You are in this together – parents, children, other people around you. Take advantage of the support and don't let the crowd hysteria drag you down. A group of people has enormous power - so be careful whether you are moving in a group that tends to support and calm you, or whether it tends to burden you and drag you into heavy emotions and thoughts. In such a case, it is better to avoid such a community, at least at a time when it is difficult for you.

  1. Align your priorities

Admissions will certainly affect the following studies, let's not reduce their importance, but in life there are also more important values (every family has different ones) and alternative life paths. Talk about it together, try to support the strength and cohesion of your family by also building experiences other than preparing for admissions. Moreover, who among us knows what our society will look like by the time today's ninth graders enter the workforce? It seems that the ability to think, to adapt, to be aware of one's emotions and to work with them, including the consequences of stress, to communicate well and to create functional relationships in the wider community will become increasingly important.

  1. Learn to relax

We recommend this to parents and children. In this way, you can release at least a little tension and gain strength for the next stage, and if you practice relaxation together, you will also gain common experiences and strengthen the feeling that you are in it together. There are many types of relaxation, you can find instructions or directly spoken relaxations on the Internet - try them and find what suits you. It will help you to wash away the daily stress and the tension from the admissions should not increase, or at least not so quickly. We have one of the tips right here – lie on the floor on a flat mat, you can support your head with a pillow. Place your hands on your stomach, close your eyes and focus on your breath, feeling your hands rise and fall as you inhale and exhale. Just feel it for a moment. Gradually begin to imagine that the breath is pulsating like sea waves and that each exhalation removes a bit of tension from your body... You can feel yourself gradually relaxing... If you want, you can listen to pleasant calm music or the sounds of the sea...
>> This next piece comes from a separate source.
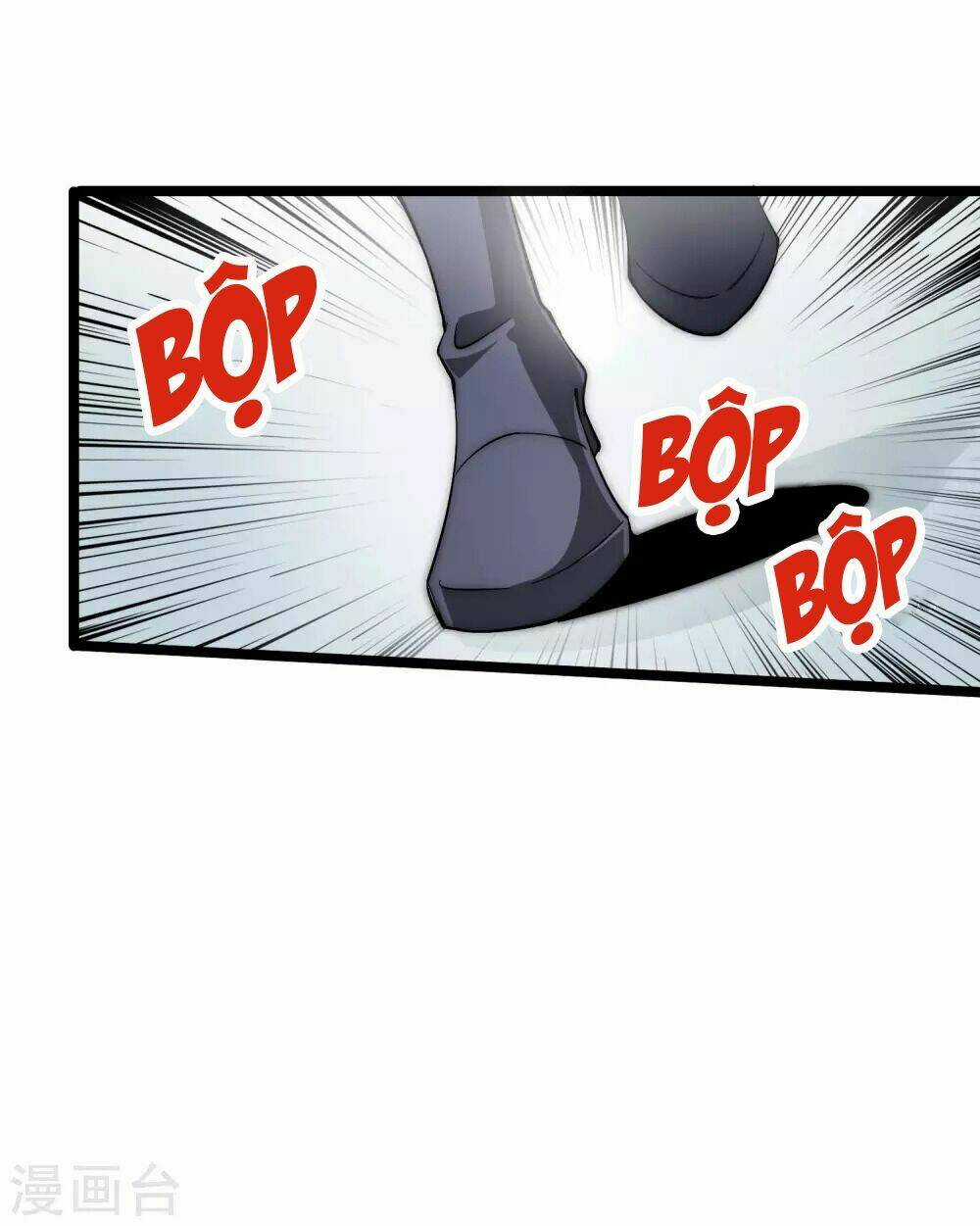 Từ Hôm Nay Bắt Đầu Làm Người Giàu Nhất Chapter 9 trang 38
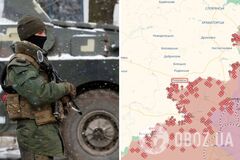 Оккупанты бросили на штурм города сразу три армии: в ВСУ рассказали об обстановке вблизи Покровска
For those who this method does not work and lying in it tends to increase restlessness from inactivity, they can start with relaxations that are based on the contrast of tension and relaxation, e.g. Jacobson's relaxation. You will surely find your own way. It is important to make time and space for relaxation and not push the saw - it is not about performance, but about its counterbalance.

  1. Contact an expert

If nothing helps, don't be afraid to contact a professional. The therapist will discuss your situation with you, together you will find specific ways of relief. Better come on time. Signals that stress and its consequences exceed the normal level can be the following: difficulty falling asleep or frequent awakenings, inexplicable inadequate attacks of fear, significantly greater irritability spoiling previously good relationships, various health problems (indigestion, eczema, musculoskeletal pain) and others.